Massive ovarian edema (MOO) is a very rare disease characterized by a tumor-like, usually unilateral, enlargement of the ovary.
It characteristically presents in young women ~ 6 to 33 years (mean age ~21 years 4).
Most patients present with intermittent pelvic pain of several months duration +/- an adnexal mass. Abnormal uterine bleeding, elevated androgens and abdominal distension can occasionally be seen.

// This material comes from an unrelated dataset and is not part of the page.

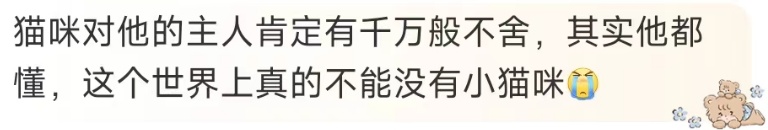 “猫咪撑到主人回家咬着衣角离世”冲上热搜，宠物回馈给人们的不仅仅是陪伴……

The most probable cause is thought to be recurrent partial torsion of the mesovarium, with obstruction to the venous and lymphatic returns; on the other hand, the basic process may be stromal hyperplasia or hyperthecosis, while the edema is a secondary phenomenon, probably due to torsion of an abnormal, already enlarged organ.
- Meig syndrome
- precocious puberty in infants due to MOO has been described in the literature 4
It is almost always unilateral and in approximately two-thirds of cases involve the right side.
The imaging features correspond to the degree of torsion and edema. As MOO is caused by chronic or intermittent torsion, imaging appearances will have some overlap with those of ovarian torsion.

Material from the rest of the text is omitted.